Приключения Джона Девиса
Шрифт:
Этот дивный поединок продолжался часа два, ни у одного из всадников не было ни лат, ни шлема с забралом, между тем никого из них не ранило. Наконец, прозвучала музыка – сигнал к окончанию игры. В ту же минуту джериды были приторочены к седлам, всадники ускакали, арена опустела.
За всадниками явились канатоходцы, странствующие паяцы, фокусники и ученые медведи: одни плясали, другие разыгрывали фарсы, третьи показывали фокусы, так что каждый зритель мог выбрать зрелище по своему вкусу. Что касается меня, то, признаюсь, я погрузился в созерцание милого четвероногого. Важный турок, который дрессировал медведя, весь, от шелковой кисти шапочки до загнутых носков туфель, был проникнут гордостью за честь, которой удостоился.
Моисей не ждал меня так рано: он звал в семь, а тогда было еще только пять часов. Я объяснил ему, в чем дело, и попросил дать мне чего-нибудь поесть. Моисей был человеком бесценным: он обладал всеми возможными талантами. Он тотчас принес мне самый лучший обед, какой только можно сыскать в Константинополе, то есть вареного цыпленка, рис с шафраном и пирожное, потом подал душистый кальян с превосходным табаком.
Я лежал на диване, как вдруг вошел Моисей, а за ним женщина, закутанная в покрывало. Он тотчас запер дверь. Воображая, что это моя богиня, которая решилась предстать передо мной в облике простой смертной, я вскочил с дивана и начал раскланиваться, но Моисей остановил меня.
– Это не госпожа, а служанка.
– Ага! – воскликнул я с сожалением.
– Послушайте меня, – сказал Моисей, – оставьте эту опасную затею, пока еще возможно. Мне заплатили, чтобы я предложил вам свидание, и я это сделал, но ни за что на свете я не приму на себя ответственность за то, что может с вами случиться.
Я вынул кошелек и, высыпав на руку половину того, что в нем было, подал Моисею.
– Вот, – сказал я, – несколько цехинов в знак признательности за то, что ты исполнил это поручение, и в доказательство того, что я отступаться не намерен.
– Так и быть, – сказал Моисей, забрав у служанки покрывало и плащ и отдав их мне. – Наряжайтесь, – прибавил он, – и дай вам бог удачи.
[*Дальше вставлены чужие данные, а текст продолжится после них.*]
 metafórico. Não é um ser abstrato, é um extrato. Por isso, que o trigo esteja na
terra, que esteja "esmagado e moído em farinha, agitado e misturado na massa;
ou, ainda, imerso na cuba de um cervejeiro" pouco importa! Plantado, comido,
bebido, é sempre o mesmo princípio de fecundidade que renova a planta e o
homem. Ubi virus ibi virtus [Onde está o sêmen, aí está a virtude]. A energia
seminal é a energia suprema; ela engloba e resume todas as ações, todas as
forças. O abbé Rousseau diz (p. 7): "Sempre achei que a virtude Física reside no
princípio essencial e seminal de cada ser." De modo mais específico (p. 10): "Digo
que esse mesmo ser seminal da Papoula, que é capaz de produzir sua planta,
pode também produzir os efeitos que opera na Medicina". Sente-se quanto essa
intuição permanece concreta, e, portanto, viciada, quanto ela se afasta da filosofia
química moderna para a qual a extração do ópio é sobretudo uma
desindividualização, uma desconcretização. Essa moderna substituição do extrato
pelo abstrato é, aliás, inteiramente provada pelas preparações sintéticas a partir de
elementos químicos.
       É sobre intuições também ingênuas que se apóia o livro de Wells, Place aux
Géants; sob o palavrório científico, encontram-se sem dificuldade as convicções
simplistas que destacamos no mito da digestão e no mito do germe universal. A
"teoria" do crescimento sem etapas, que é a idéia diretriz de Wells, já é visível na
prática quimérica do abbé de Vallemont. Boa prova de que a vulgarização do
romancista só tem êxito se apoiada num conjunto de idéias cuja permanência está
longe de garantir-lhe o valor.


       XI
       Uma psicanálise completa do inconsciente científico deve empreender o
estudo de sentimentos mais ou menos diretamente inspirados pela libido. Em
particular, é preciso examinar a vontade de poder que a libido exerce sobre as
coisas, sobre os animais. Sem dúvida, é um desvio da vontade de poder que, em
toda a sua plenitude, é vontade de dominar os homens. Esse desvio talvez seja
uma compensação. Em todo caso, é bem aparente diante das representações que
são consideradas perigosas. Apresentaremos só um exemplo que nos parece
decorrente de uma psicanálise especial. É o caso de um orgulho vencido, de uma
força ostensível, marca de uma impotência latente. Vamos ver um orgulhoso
Признаюсь, я с опаской посмотрел на это платье, в котором мне, как мумии, невозможно будет действовать руками. Но я зашел уже слишком далеко, отступать было бы стыдно, и я, очертя голову, продолжил свое опасное предприятие.
– Что мне теперь делать?
– Ступайте за провожатым, который поведет вас, а главное, молчите. Одно слово, и вы погибли.
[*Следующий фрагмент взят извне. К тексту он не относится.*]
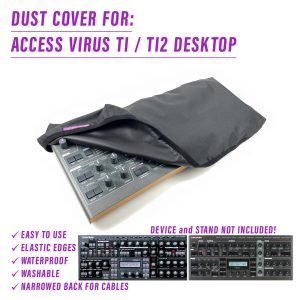 st3nD dust cover for Access Virus Ti / Ti2 Desktop (synth)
Читатели, надеюсь, уже поняли, что я не из трусливых. Притом меня влекло любопытство, свойственное всем молодым людям. Я прицепил только свой мичманский кортик, надел платье и покрывало, и в этом костюме, скрадывавшем все формы, походил, как две капли воды, на ту, которая уступила мне свою одежду. Это я угадал по взгляду Моисея.
– Ну, а теперь что мне делать? – спросил я.
– Пойдемте со мной, – сказал Моисей, – и ради бога…
Он приложил палец к губам. Я кивнул, отворил дверь и, сойдя с лестницы, очутился в магазине. Там нас ждал чернокожий невольник. Обманутый моим нарядом, он тотчас побежал отвязывать осла. Турчанки обыкновенно ездят на ослах. Моисей почтительно проводил меня до дверей, помог мне сесть в седло, и я пустился в путь, сам не зная, куда меня везут.
Глава XVI
Мое путешествие продолжалось минут десять, я не узнавал улиц, по которым ехал. Наконец, мы остановились у довольно большого дома. Мой провожатый отворил ворота, я въехал, и он опять их запер. Я очутился в квадратном дворе,
Предосторожность была не лишней. Я бы никогда не выбрался из лабиринта комнат и коридоров, по которым вел меня невольник. Между тем я посматривал вокруг, чтобы не заблудиться в том случае, если придется поспешно ретироваться. По множеству слуг и стражей, которые мелькали вокруг меня, как тени, или стояли неподвижно, как статуи, я догадался, что нахожусь в доме какого-то знатного господина. Наконец, отворилась дверь в какую-то светлую и хорошо убранную комнату. Проводник мой впустил меня туда, затворил дверь, и я очутился перед девушкой лет четырнадцати или пятнадцати, которая показалась мне совершенной красавицей.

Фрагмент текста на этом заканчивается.